Set down the data below from its first line to the line holding "Apartment Yperlee 0301 *", inclusive; omit all pictures.

[Entries taken from a collection]
--

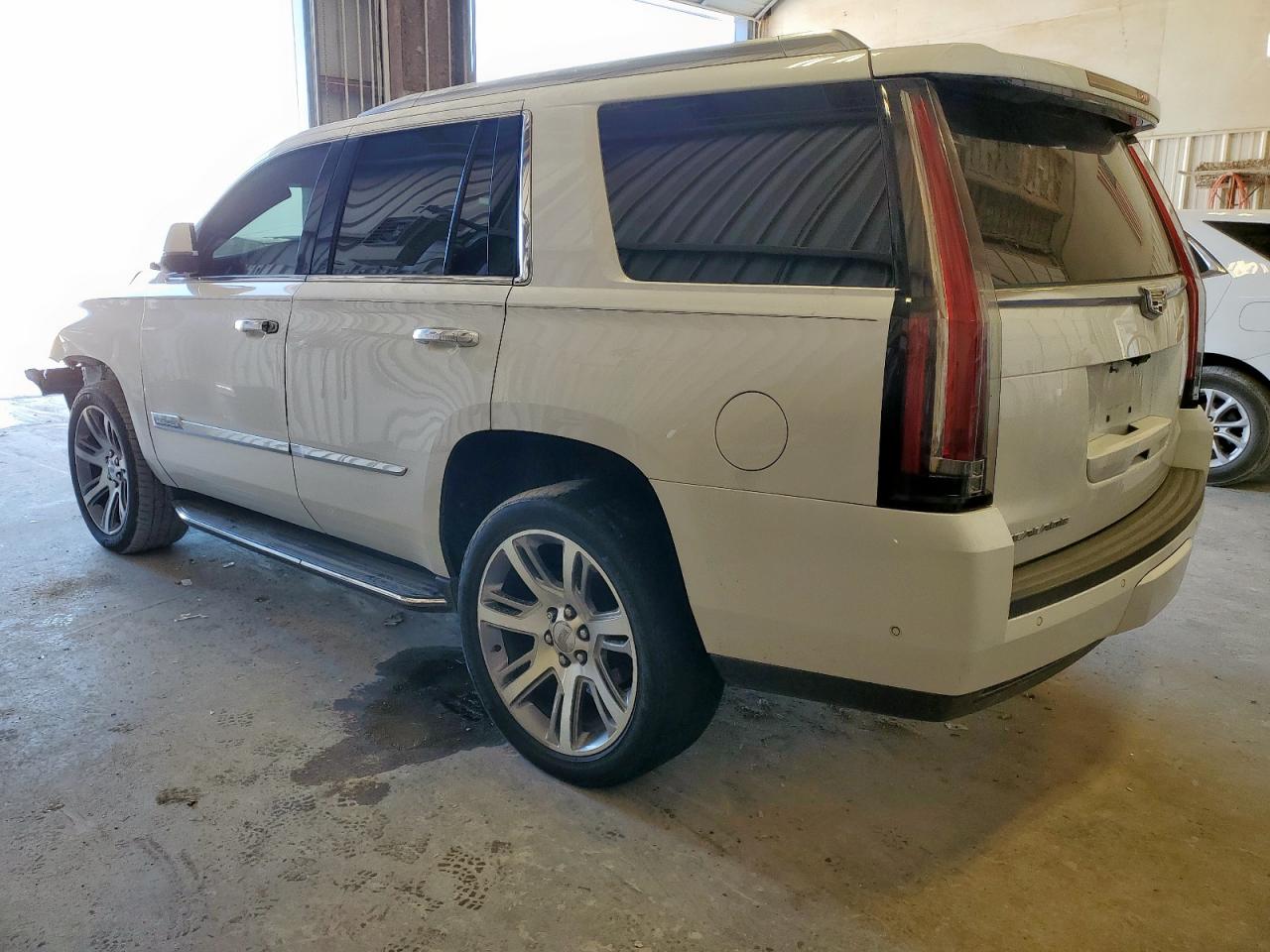 Cadillac Escalade Luxury Image 2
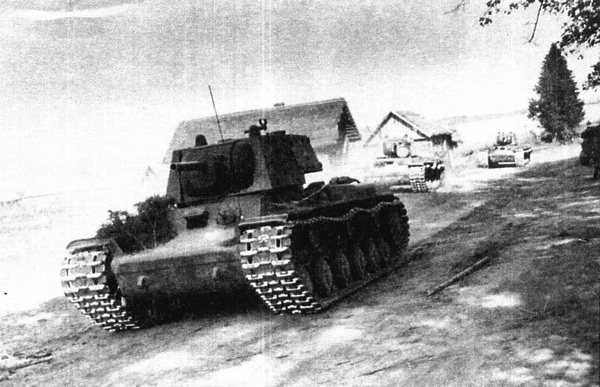 Тяжёлый танк КВ в бою - i_003.jpg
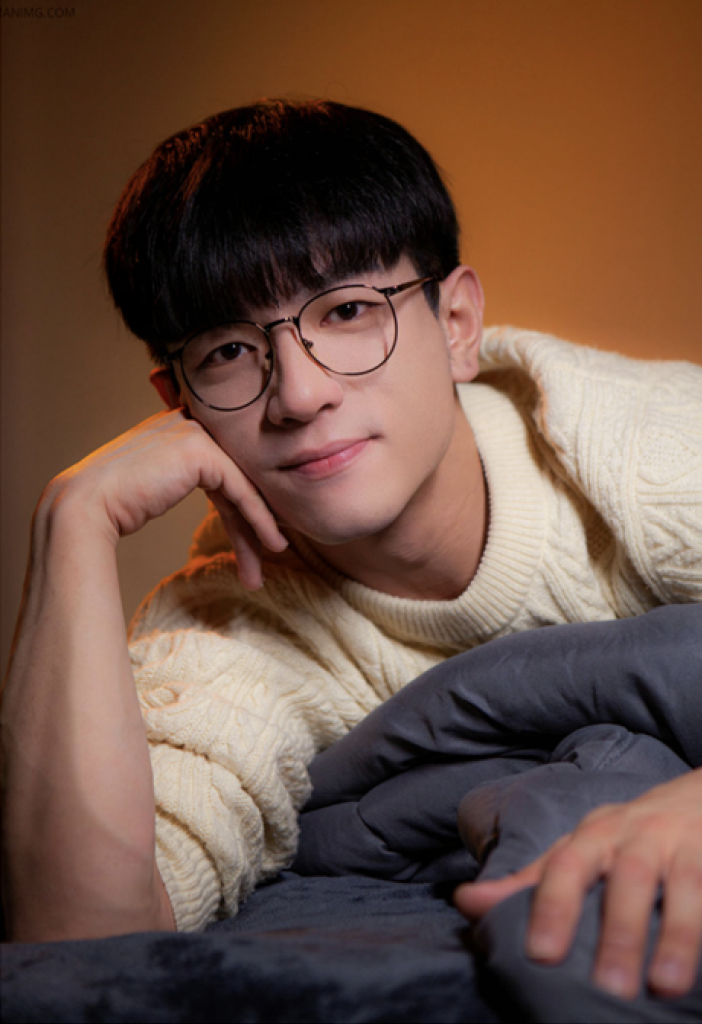 【靓仔图集】青春期间的放题派对 【靓仔图集】青春期间的放题派对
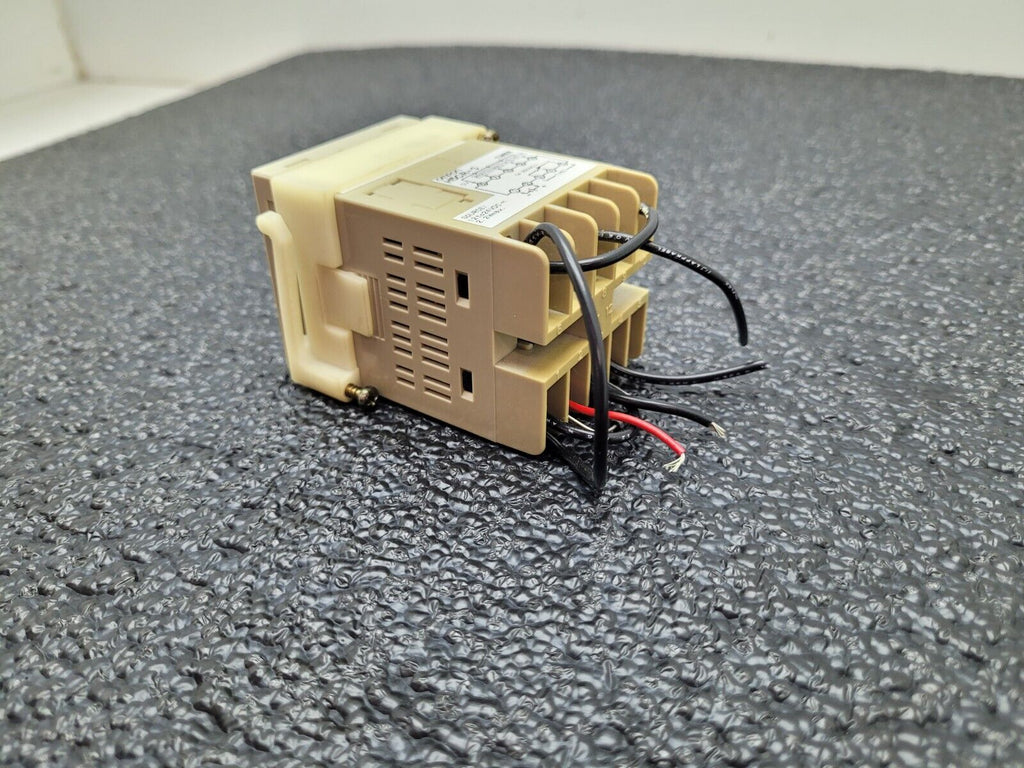 Omron H5CR-S Timer Digital Relay 12-24VDC Working Pull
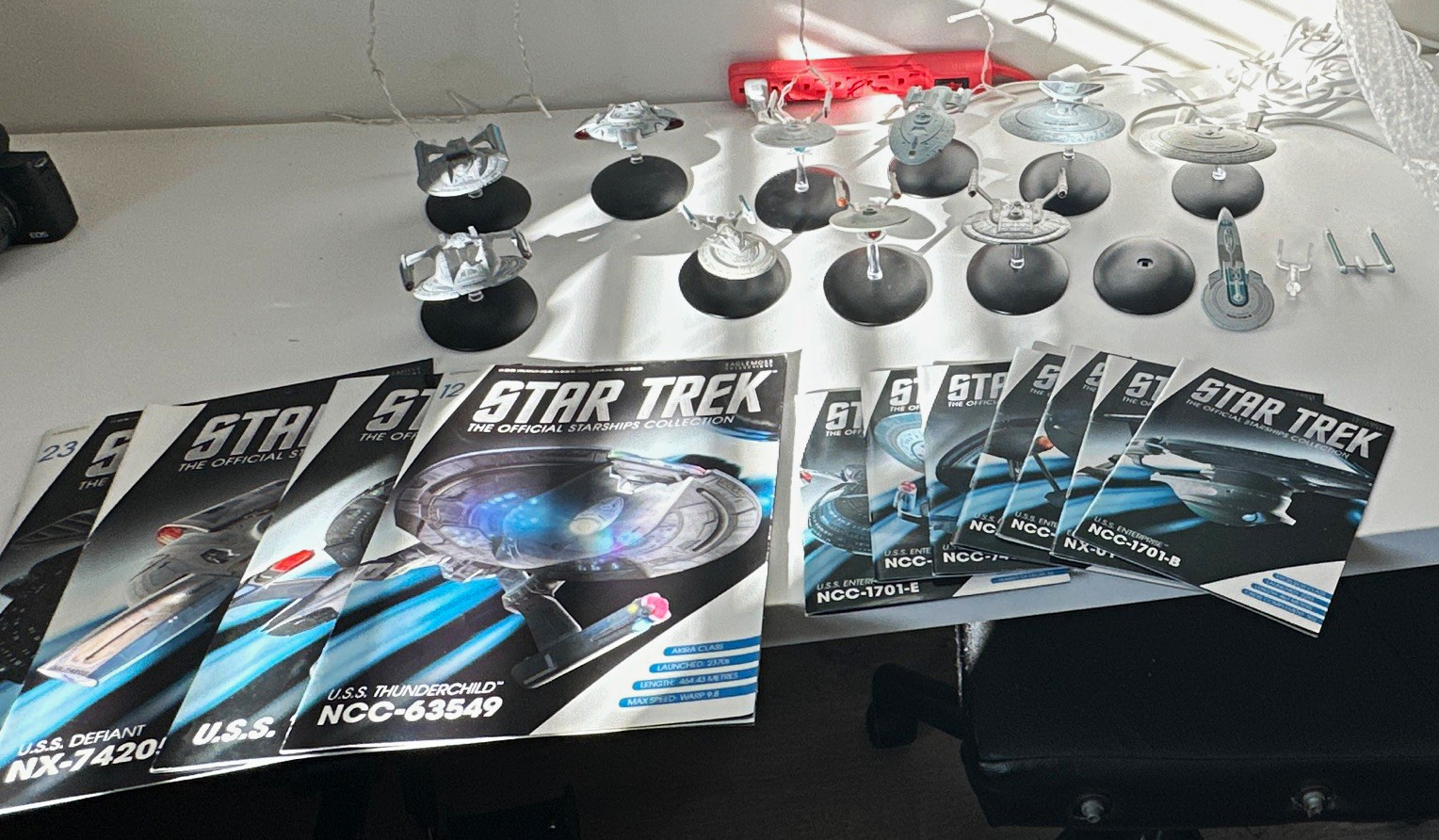Eaglemoss Star Trek Official Starships Collection 11 Ship Lot w/ Reference Guide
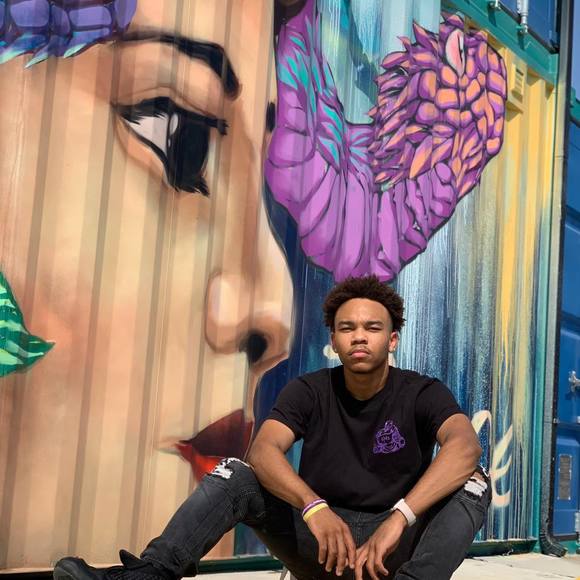 Profile Picture of Taviãn Walters (@walterstavian) on Poshmark
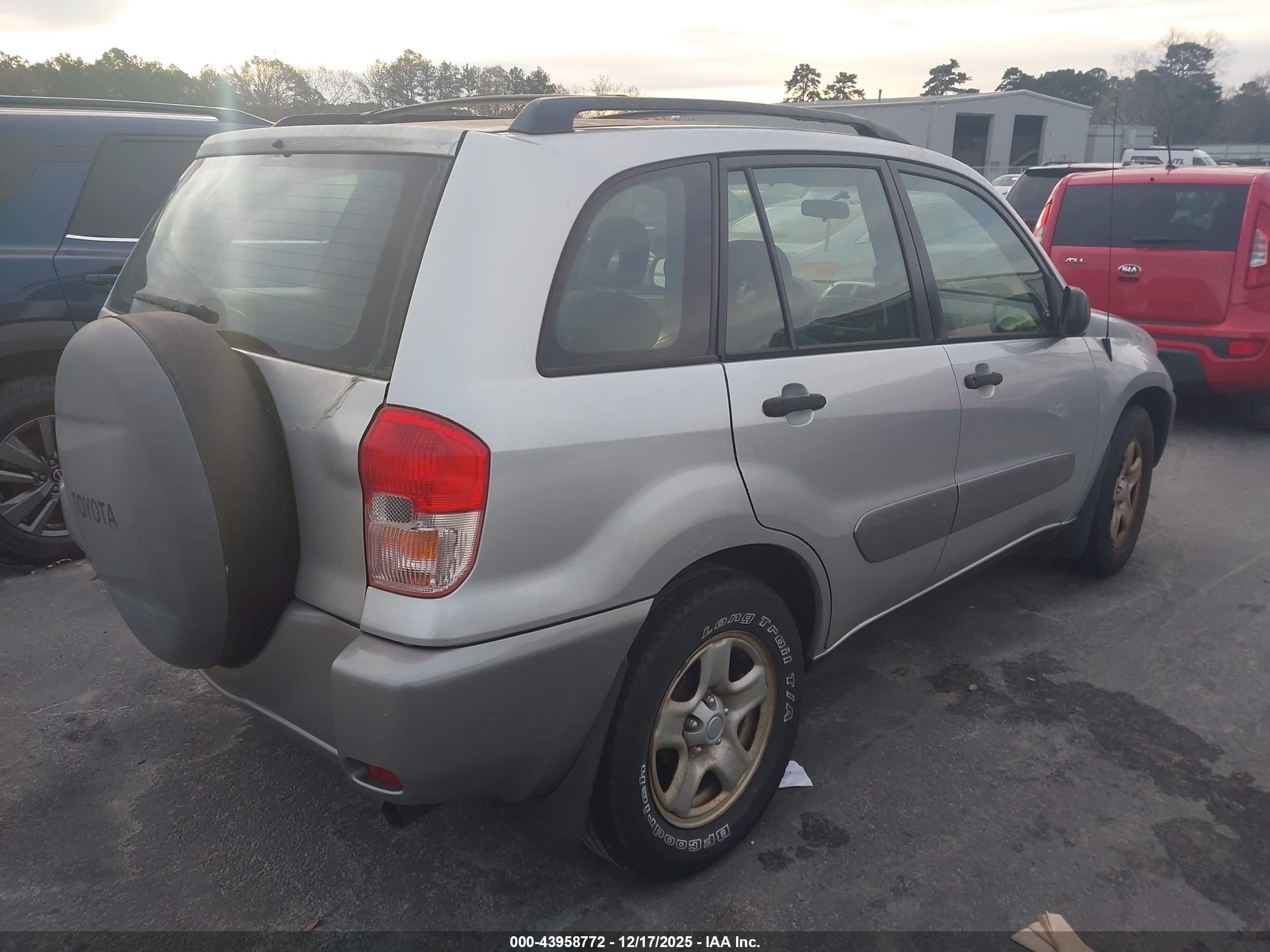 TOYOTA RAV4 image 4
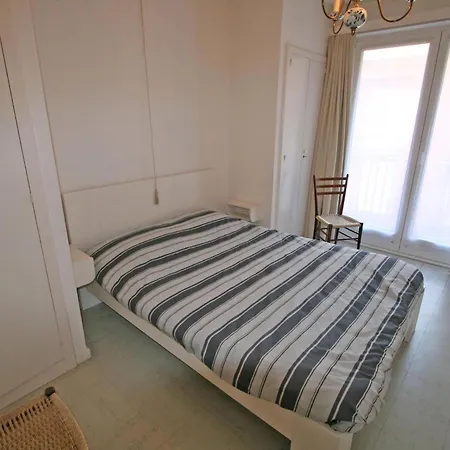 Apartment Yperlee 0301 *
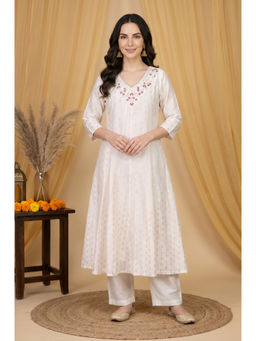 Aurelia - Off White Embroidered V-Neck Regular Kurta
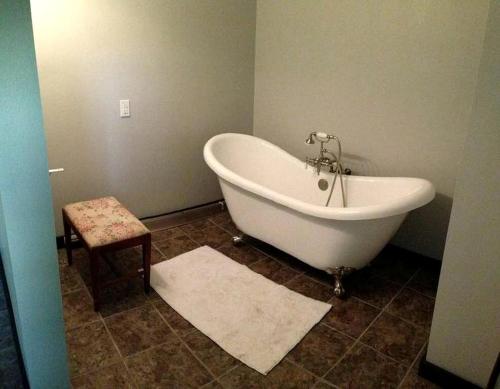 Idyllic Cottage Rental Tucked Away in the Countryside near Springfield, Missouri in Seimoura (MO)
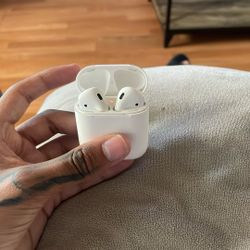 Airpods Old Version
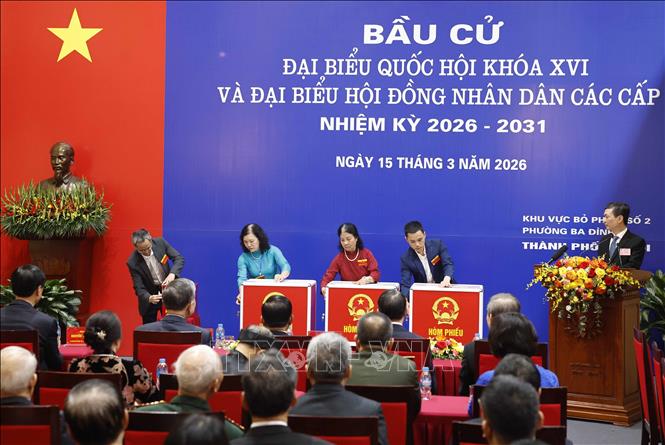 Tổ bầu cử kiểm tra và niêm phong hòm phiếu trước khi bầu. Ảnh: Thống Nhất - TTXVN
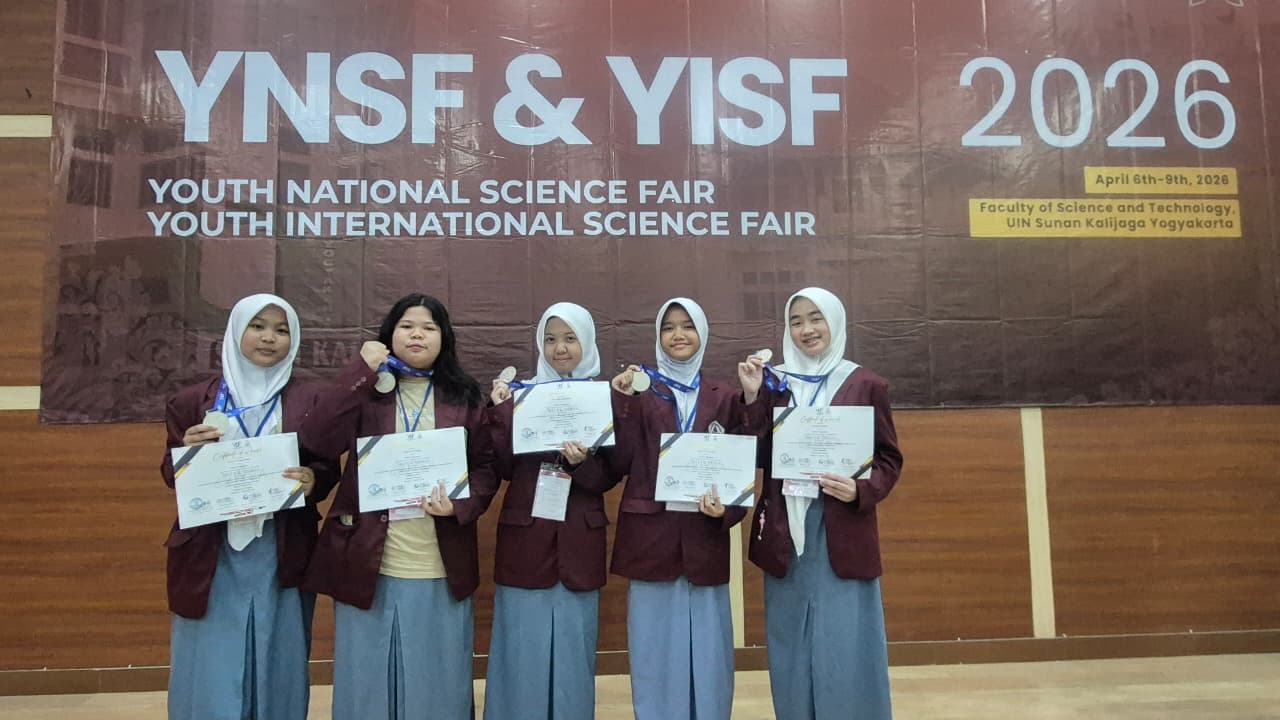 Medali Perak Youth International Science Fair 2026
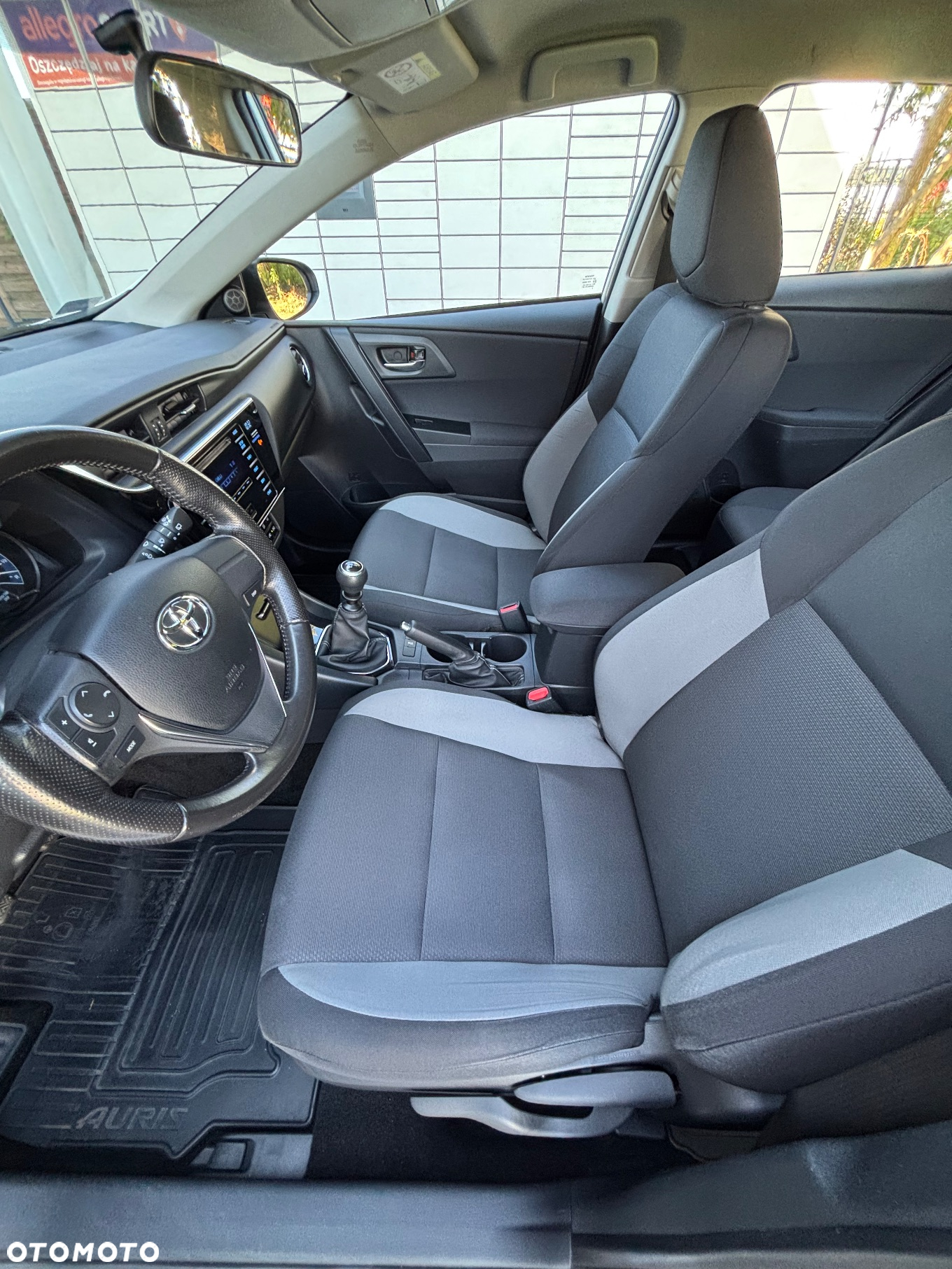 Toyota Auris 1.33 VVT-i Active - 11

--

The completed task
 Cadillac Escalade Luxury Image 2
 Тяжёлый танк КВ в бою - i_003.jpg
 【靓仔图集】青春期间的放题派对 【靓仔图集】青春期间的放题派对
 Omron H5CR-S Timer Digital Relay 12-24VDC Working Pull
Eaglemoss Star Trek Official Starships Collection 11 Ship Lot w/ Reference Guide
 Profile Picture of Taviãn Walters (@walterstavian) on Poshmark
 TOYOTA RAV4 image 4
 Apartment Yperlee 0301 *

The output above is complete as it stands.